### WHAT TO PRODUCE:
Could you give back every entry below exactly, with the pictures dropped?

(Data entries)
------------------------------------------------------------

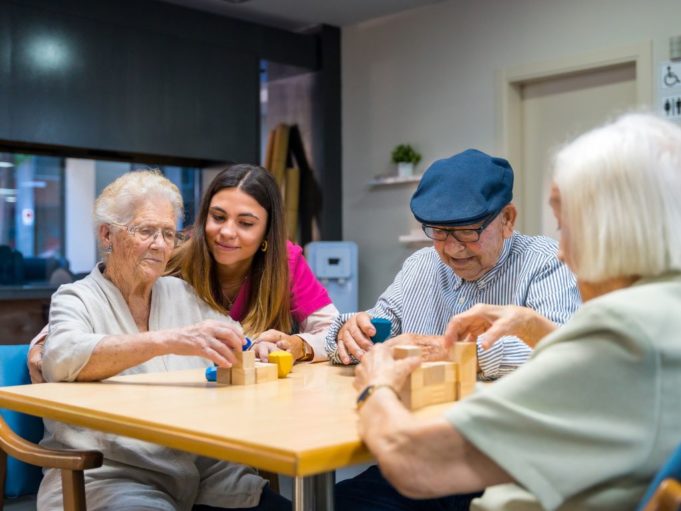 Sayca Geriatría apuesta por la psicomotricidad para mejorar el bienestar emocional de los mayores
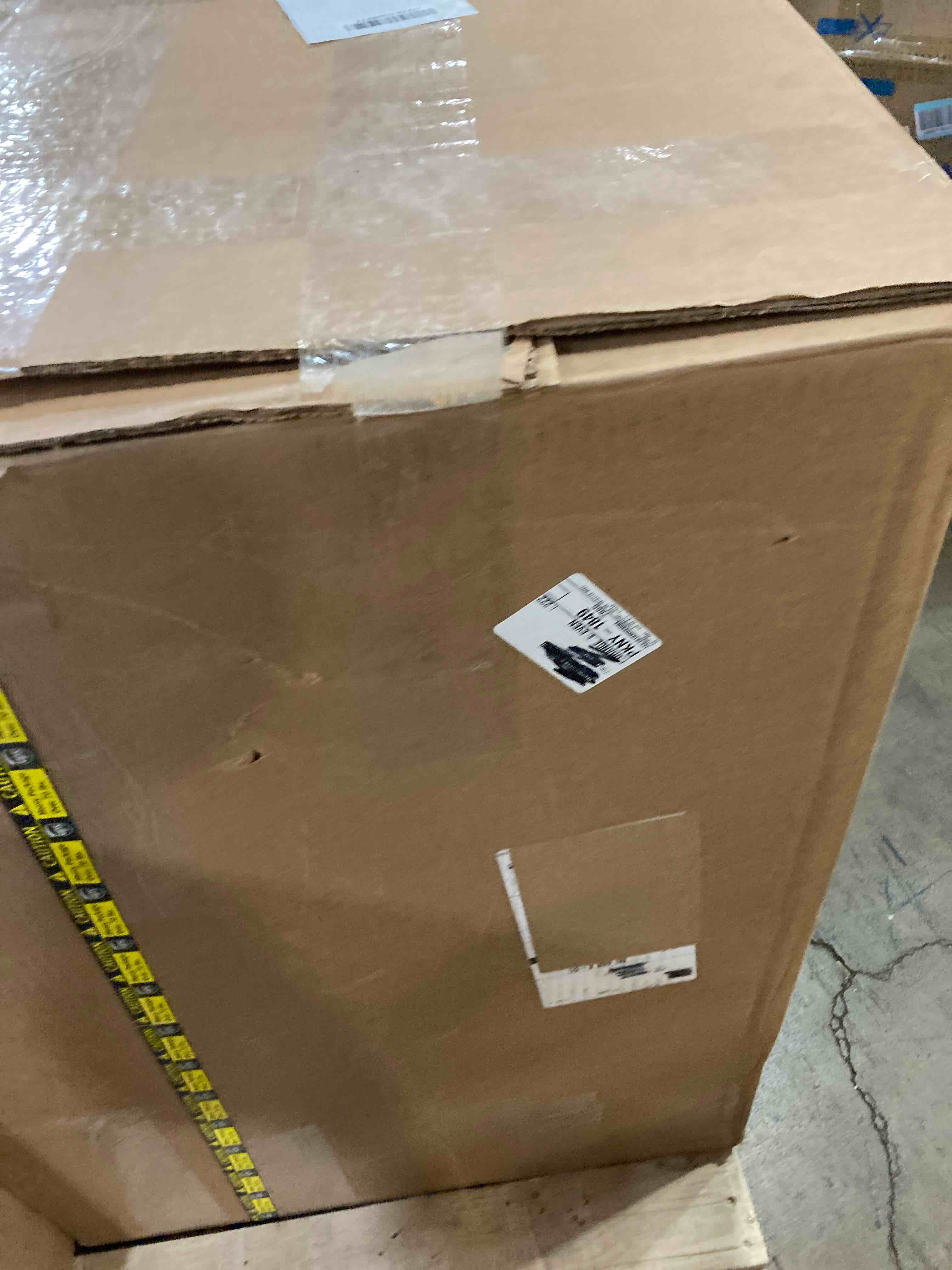 https://s3.amazonaws.com/lotting-images-prod/phillipi/YEL5919698_1713977212069.jpeg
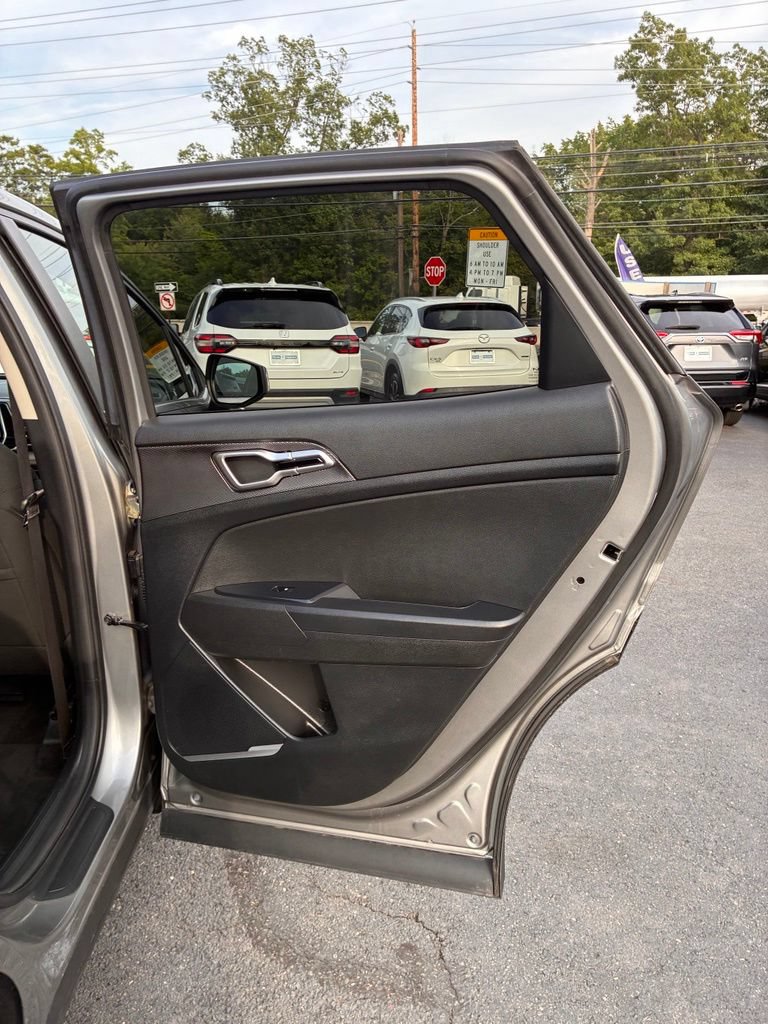 Used 2023 Kia Sportage LX AWD/4WD image 23
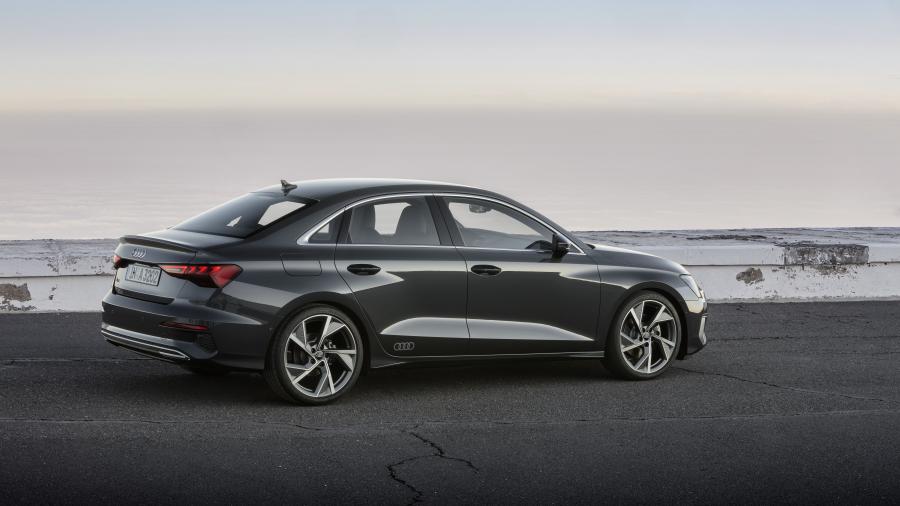  Audi A3 Sedan 35 TFSI 2020 года  (WW) (фото 8 из 50)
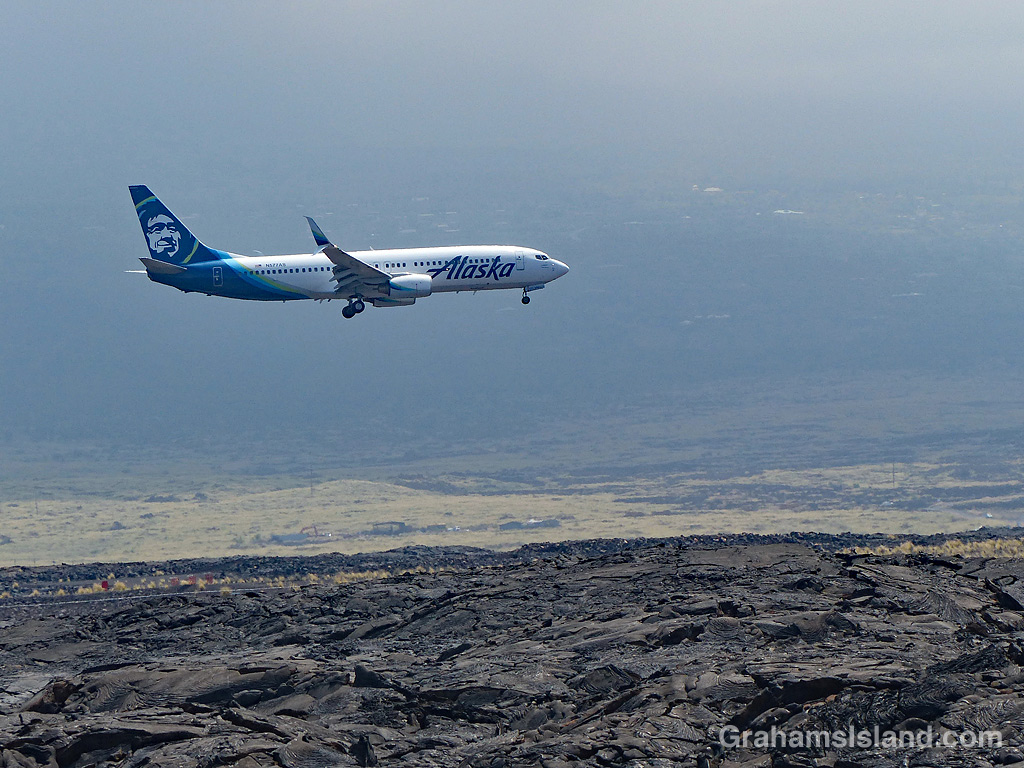 Plane landing at Kailua-Kona airport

------------------------------------------------------------

### ANSWER SECTION:
 Sayca Geriatría apuesta por la psicomotricidad para mejorar el bienestar emocional de los mayores
 https://s3.amazonaws.com/lotting-images-prod/phillipi/YEL5919698_1713977212069.jpeg
 Used 2023 Kia Sportage LX AWD/4WD image 23
  Audi A3 Sedan 35 TFSI 2020 года  (WW) (фото 8 из 50)
 Plane landing at Kailua-Kona airport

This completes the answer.